Juste après le reportage, Alain Juppé, maire de Bordeaux, s’est dit scandalisé. Il exige des poursuites, insiste sur le fait que la mairie n’a plus de liens avec l’école Saint-Eloi, mais peine à expliquer pourquoi son équipe a souhaité confier sa rénovation et son exploitation à des intégristes, contre l’avis de tous, en 2002.


A l’époque, Philippe Laguérie n’est pas encore rallié à Rome. Ses coups de force pour occuper des églises, ses propos sur l’influence des juifs dans les banques et les médias, son soutien à Paul Touvier et à Jean-Marie Le Pen l’ont totalement marginalisé.
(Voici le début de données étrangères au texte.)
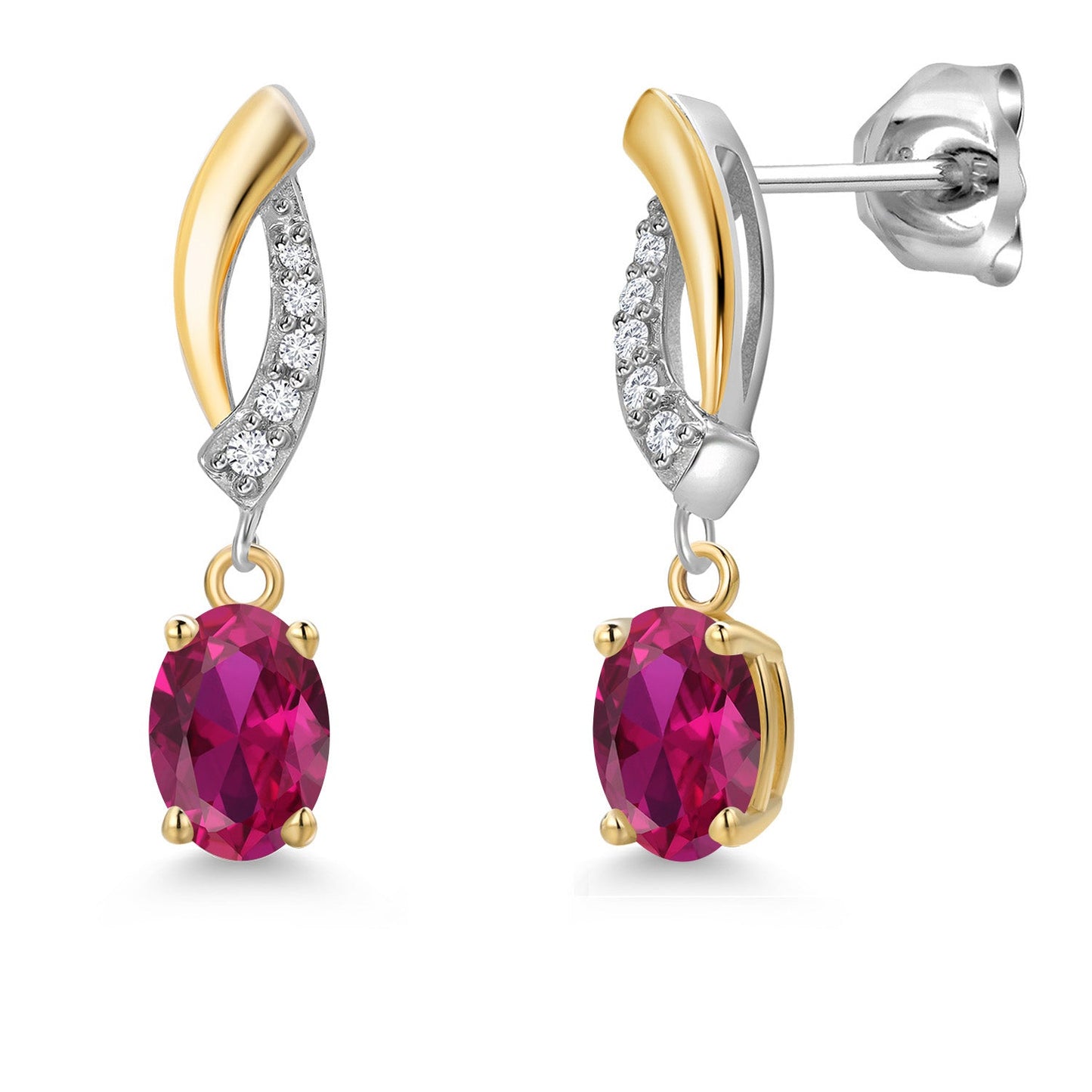 925 Silver and 10K Yellow Gold 6X4MM Oval Gemstone Birthstone and White Lab Grown Diamond Drop Dangle Earrings for Women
L’archevêché de Bordeaux tente de mettre en garde la mairie. Mgr Ricard fait même un recours. Sans succès. La municipalité s’entête et va jusqu’à contourner la loi pour offrir ce bail aux intégristes. A l’époque, déjà, ses arguments en faveur du pluralisme culturel n’ont convaincu personne. Pourquoi une telle obstination, à l’évidence contre-performante du point de vue électoral, puisque même l’Eglise catholique s’y opposait ?


C’est la question que posent et reposent avec insistance les élus de l’opposition, notamment Gilles Savary, Naïma Charaï et la députée de la Gironde Michèle Delaunay. Une nouvelle piste vient d’éclairer le dossier : l’influence du cabinet d’avocats Rivière, très bien introduit à Bordeaux et très engagé aux côtés des catholiques intégristes de la ville.
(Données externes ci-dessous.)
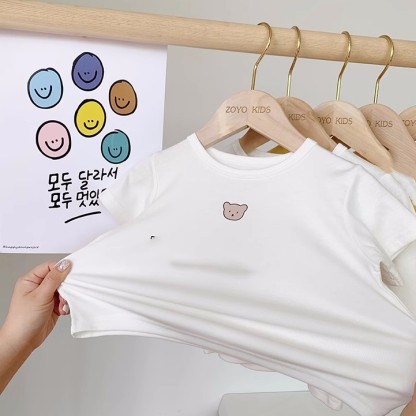 Baby Toddler Boy/Girl Bear Print Short Sleeve T-shirt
Thomas Rivière, l’un des associés, dirige l’association d’enseignement populaire de Saint-Projet, l’école hors contrat qui apparaît dans “ "Les infiltrés” ". Son cabinet gère près de 70 % des affaires de défiscalisation en matière de rénovation de patrimoine historique. Un marché considérable, surtout à Bordeaux. La ville a confié de nombreux chantiers à un architecte, Philippe Tilliet, dont le nom est cité dans plusieurs affaires où l’argent prévu pour les travaux s’est envolé. A la suite de ces scandales, révélés par Le Monde et Sud Ouest en 2009, le cabinet Rivière – qui travaille avec cet architecte dans 19 dossiers – a écrit à ses investisseurs pour les rassurer. Au détour d’une phrase, il se félicite d’être “ "à l’origine” " d’une dizaine de modifications de textes fiscaux touchant à la rénovation de patrimoine historique, notamment pour éviter son plafonnement. Or ces amendements à la loi de finances de 2006 ont été portés par Hugues Martin, alors député remplaçant d’Alain Juppé.
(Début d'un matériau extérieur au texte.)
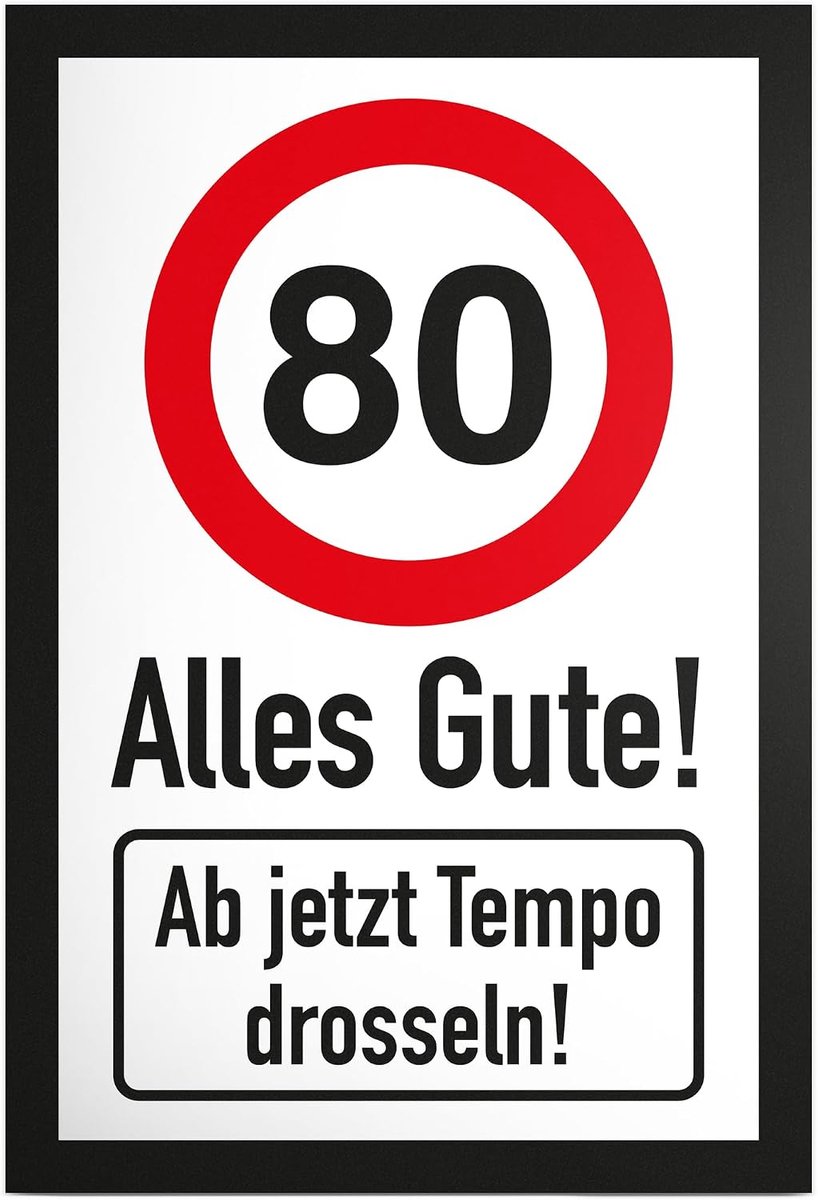 80 Tempo smoors, plastic bord - Alles Gute, Geschenk 80. Verjaardag, cadeau-idee verjaardagscadeau achtstigste, verjaardagsdecoratie/partydecoratie/feestaccessoires/verjaardagskaart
L’un des associés du cabinet Rivière, Vianney Rivière, a également conseillé l’Association nationale chargée du label Villes et pays d’art et d’histoire, un temps présidée par le maire de Bordeaux. On y croise Martine Moulin-Boudard, adjointe au patrimoine de la mairie. C’est elle qui a oeuvré au conseil municipal pour confier la rénovation de l’église Saint-Eloi à un groupe extrémiste proche du cabinet Rivière. Il ne s’agit pas d’en déduire un lien d’ordre financier, mais de comprendre par quelles connaissances communes les intégristes ont pu plaider leur cause.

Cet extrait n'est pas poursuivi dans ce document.